III. Leaping in distance and height, with and without a pole. Every pupil will soon convince himself to what degree the strength of the arms, the energy of the muscles of the feet, and good carriage of the body, are increased by leaping, particularly with a pole. Almost every one learns in a short time to leap his own height, and some of the pupils have been able to leap ten or eleven feet high. It is equally easy to learn to leap horizontally over a space three times the length of the body; even four times that length has been attained.
IV. Climbing up masts, ropes, and ladders. Every pupil will soon learn to climb up a mast, rope, or ladder of twenty-four feet high; and after six months’ exercise, even of thirty-four or thirty-six feet. The use of this exercise is very great in strengthening the arms.
V. The exercises on the pole and parallel bars, serve in particular to expand the chest, to strengthen the muscles of the breast and small of the back, and to make the latter flexible. In a short time, every pupil will be enabled to perform exercises of which he could not have thought himself capable, provided that he do not deviate from the prescribed course and rules.

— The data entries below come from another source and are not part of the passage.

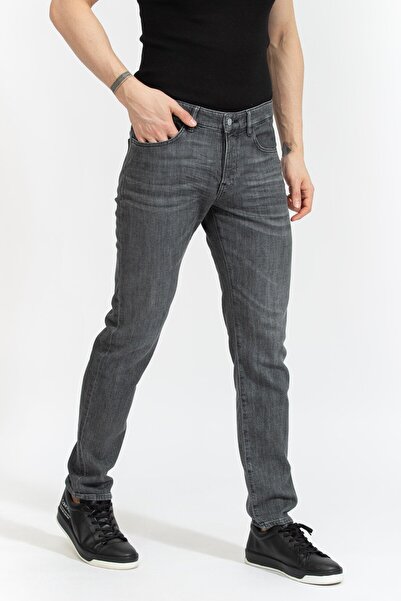 BOSS Erkek Jean Pantolon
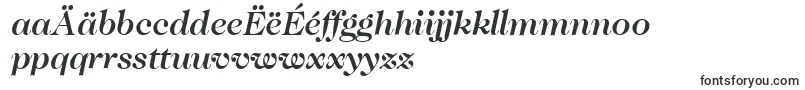 Caslon335mediumRegularitalicフォントについての詳細 フォントCaslon335mediumRegularitalic – マケドニア文字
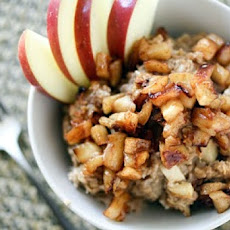Apple Pie Oatmeal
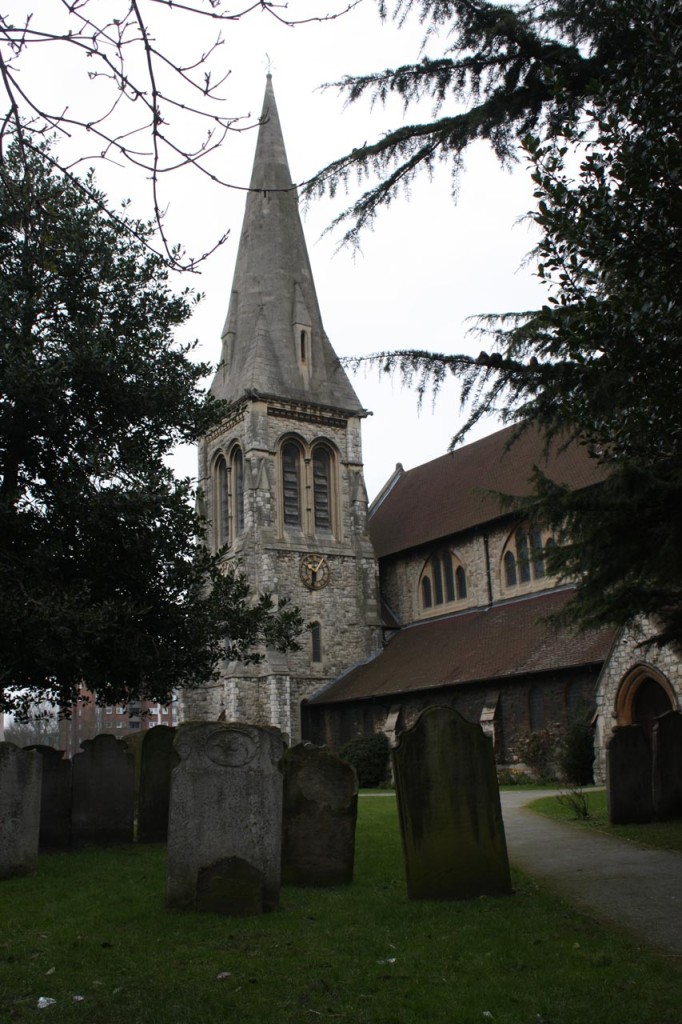 St John the Baptist, Eltham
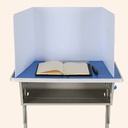 Sichtschutz für Schulpulte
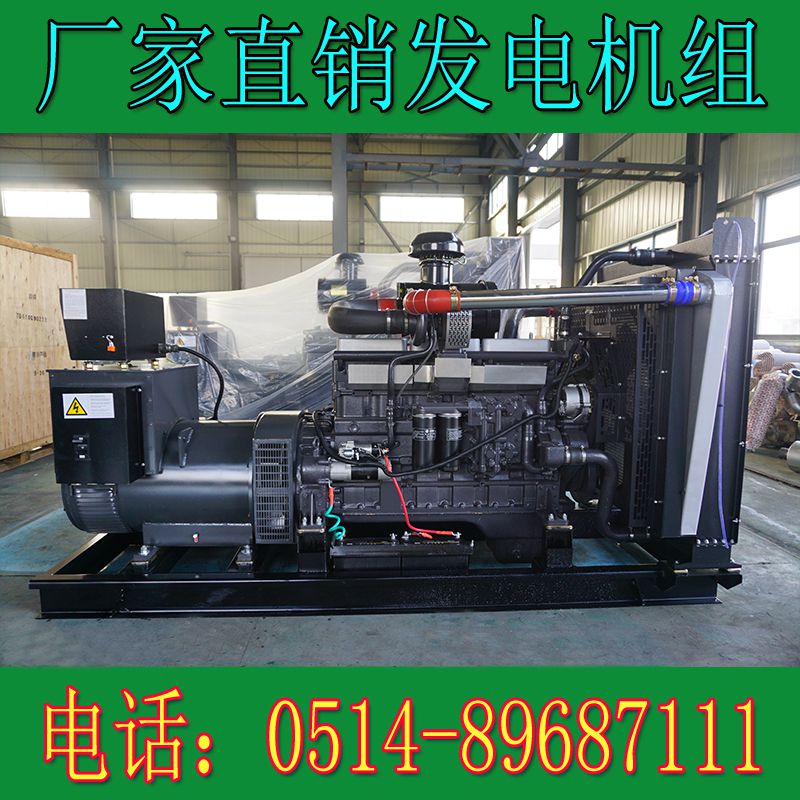 上柴正新250KW柴油发电机组G128Z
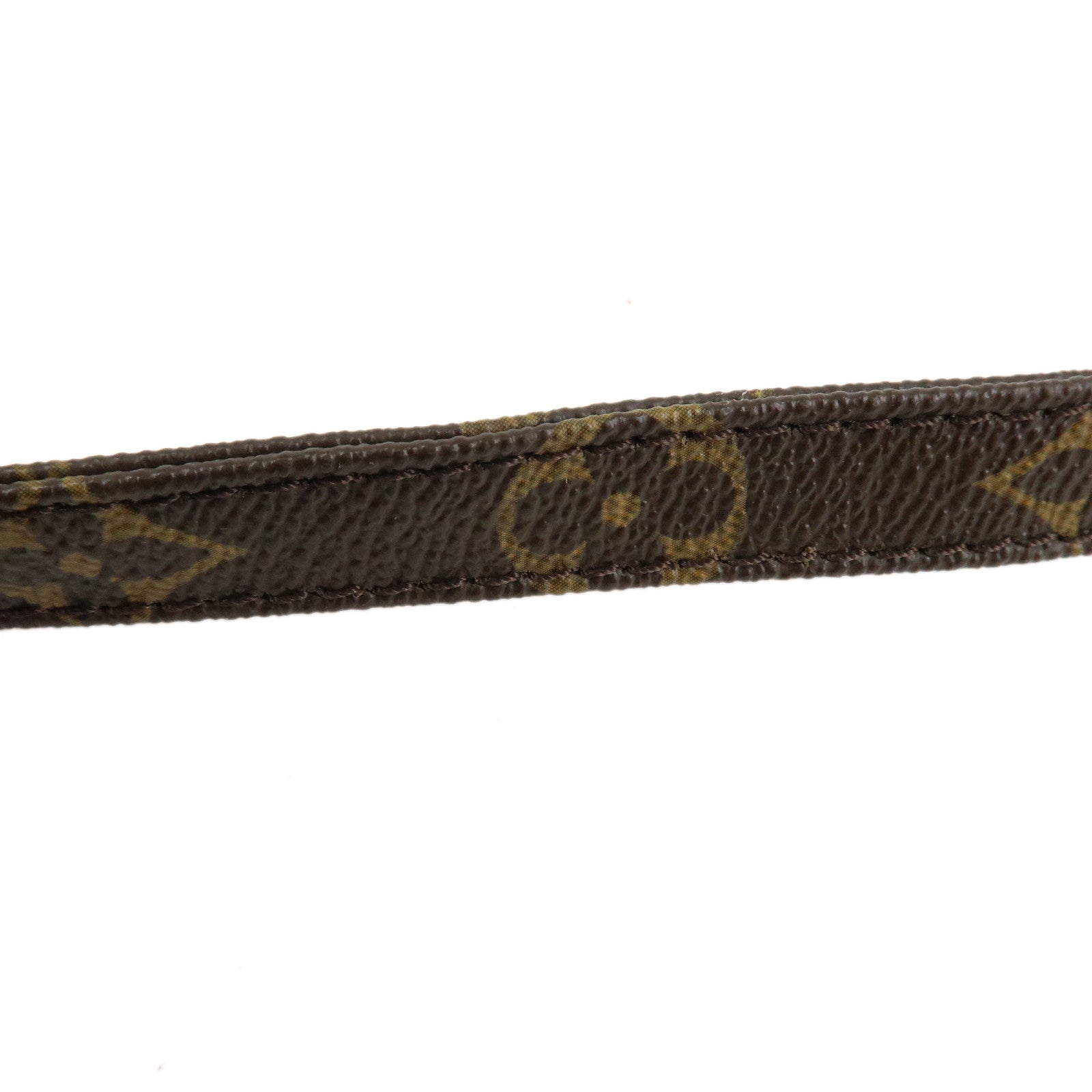 Louis Vuitton Monogram Canvas Adjustable Shoulder Strap J52315 Used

VI. Vaulting, which is considered one of the principal exercises for the increase of strength, activity, good carriage of the body, and courage, which employs and improves the powers of almost all parts of the body, and has hitherto always been taught as an art by itself, is brought to some perfection in three months.
VII. Fencing with the broad sword, throwing lances, wrestling, and many other exercises.
All these exercises so differ from one another, that generally those parts of the body which are employed in one, rest in another. Every lesson occupies from one hour and a half to two hours, its length depending on the degree of labour required for the exercises practised in it.